Le débat sur l’implantation des caméras corporelles dans le Service de police de la Ville de Montréal (SPVM) s’est intensifié depuis les arrestations controversées de Mamadi Camara et Kwado D. Yeboah.
M. Yeboah, avocat du Barreau de Montréal, avait porté plainte au commissaire à la déontologie policière ainsi qu’auprès de la Commission des droits de la personne à la suite de son arrestation controversée au mois de janvier. Ce dernier avait confié ses inquiétudes au Journal Métro.
«Il faut que les policiers aient un contrôle restreint sur les caméras, sinon, autant ne pas en avoir du tout», avait-il déclaré.
Encadrer l’utilisation
Toronto, New York, Londres, Calgary, Chicago et Los Angeles utilisent actuellement les caméras de surveillance de la compagnie Axon pour leurs services policiers. Des éléments de cette technologie permettent une certaine liberté aux gouvernements dans leur utilisation des caméras, mais aussi dans l’utilisation du stockage des données.
«Les gouvernements ont le choix pour certaines fonctionnalités, comme les moyens d’activation des caméras et le temps d’enregistrement avant et après l’activation. Aussi, c’est à la police de déterminer leur politique de partage des données», affirme le directeur général d’Axon en Amérique, Vishal Dhir.
Règle générale, les caméras sont activées manuellement. Ceci peut aussi se faire automatiquement lorsqu’un policier sort son arme de son étui ou déclenche les sirènes de sa voiture, par exemple.
L’encadrement de l’utilisation de cette technologie est crucial pour Marie-Livia Beaugé, fondatrice de la Clinique juridique de Montréal-Nord. Comme M. Yeboah, elle croit que l’utilisation des caméras et le stockage des données doivent être balisés à l’intérieur de lois restrictives pour les policiers.
«Idéalement, les données devraient être gérées par une entité complètement indépendante du SPVM. Les policiers doivent avoir des indications très claires quant au contrôle qu’ils ont des caméras. Il ne faut pas que ce soit un outil qui inquiète davantage la communauté».
«Solution miracle»?
Il ne faut pas s’attendre à ce que le profilage racial soit enrayé complètement avec l’implantation des caméras corporelles, prévient toutefois Guy Ryan, inspecteur à la retraite du SPVM. Bien qu’imparfaite, l’initiative lui semble intéressante pour tous les partis.
«Lorsque les gens sont épiés, ça brime la liberté. Mais là on pourrait voir si les interventions sont justifiées, s’il y a eu utilisation de la force excessive par exemple. D’un autre côté, la réaction de la population risque d’être meilleure».

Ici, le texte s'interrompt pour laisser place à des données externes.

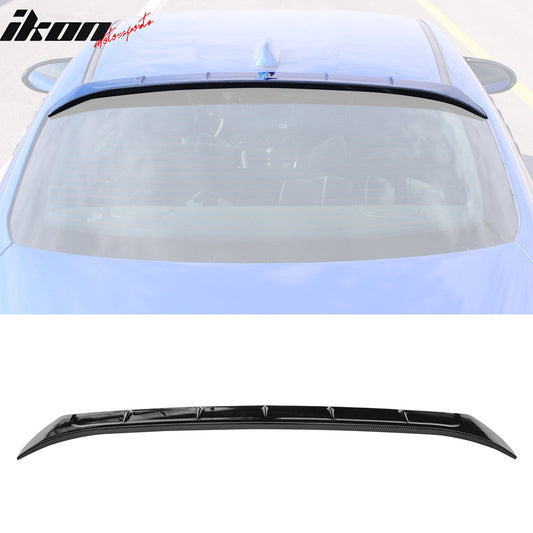 2022-2025 Subaru BRZ Toyota GR86 V Roof Spoiler ABS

Jeudi, le directeur du SPVM Sylvain Caron déclarait dans un point de presse à Rivière-des-Prairies que le service de police avait besoin de «moyens technologiques» pour lutter contre la criminalité «émergeante».
L’opposition officielle à l’hôtel de ville presse de nouveau l’administration Plante d’équiper les policiers de Montréal de caméras portatives à partir de janvier 2021. Une motion en ce sens rédigée par Abdelhaq Sari, conseiller d’Ensemble Montréal dans Montréal-Nord, sera débattue le 24 février en séance du conseil municipal.